Yaşar Kemal bir romanında emek verenler için “tekerleği dönenler övünsün” diyordu. Bence en büyük emekçi tarihtir. Tarihin tekerleği dönüyor. Tarih övünsün. Xalo yoldaş da zindanda geçirdiği yirmi yıla aşkın süreyle tarih olduğunu ortaya koydu. Yoldaşımız da övünsün. Dostları, siper yoldaşları, yoldaşları Xalo gibi bir yoldaşa sahip oldukları için, hepimiz övünelim. Bunun kimseye zararı olmaz! Yolun açık olsun sevgili yoldaşım!
HABER MERKEZİ (08.11.2015)- Gazetemizn110.Sayısında yayınlanan ‘’ İnadına parti’’ adlı makaleyi okurlarımızla paylaşıyoruz.

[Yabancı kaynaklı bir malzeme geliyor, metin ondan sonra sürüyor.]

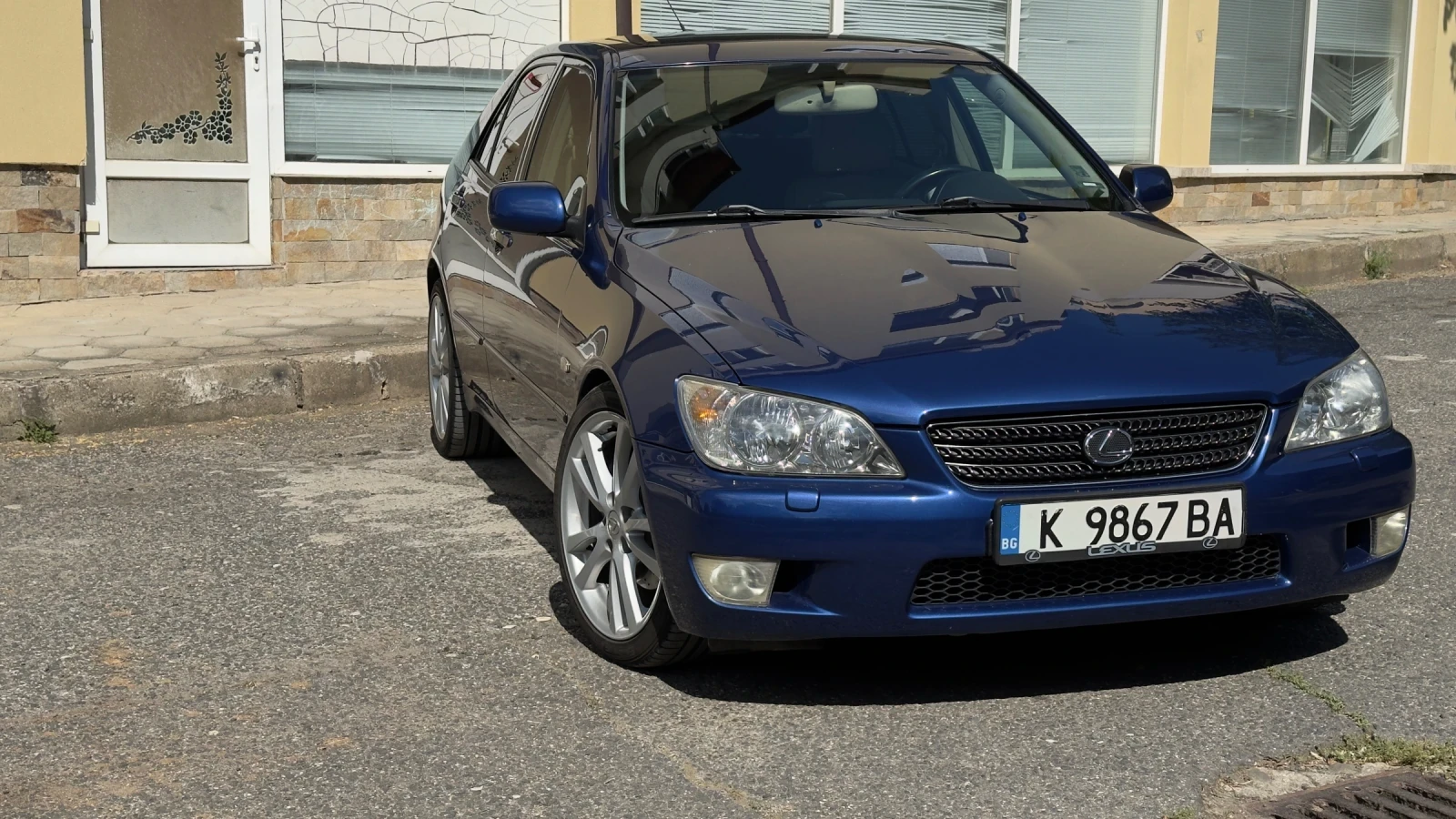 Lexus IS 200  - изображение 3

Yaşamanın direnmekle eşdeğer olduğunu kanıtlayanlar vardır. Bir sözden ibaret değildir, her an her dakika hücrelerde vücut bulur bu direniş. Ağırlaştırılmış müebbet hükmü olan siyasi tutsaklar bu direnişin öncü kuvvetlerindendir. Ve buna yılların birikmiş her eylemi sonucu, hatıra gibi kalan hastalıkları da eklersek direnişin değeri yükselir. Hasta tutsaklar “düşmana inat bir gün daha fazla yaşamak, bir gün daha fazla direnmektir” şiarını bayraklaştırıp o bayrağı arşa çekenlerdir. Xalo yoldaş hem enerjisi ile hem de çevresine yaydığı moral ile direnenler arasında yerini alıyordu. 22 yıllık zindan yaşantısında, birçok hapishanenin duvarlarını aşındırmış, birçok eylemde yer almıştır. Kahkahası barikatlarda yankılanmıştır.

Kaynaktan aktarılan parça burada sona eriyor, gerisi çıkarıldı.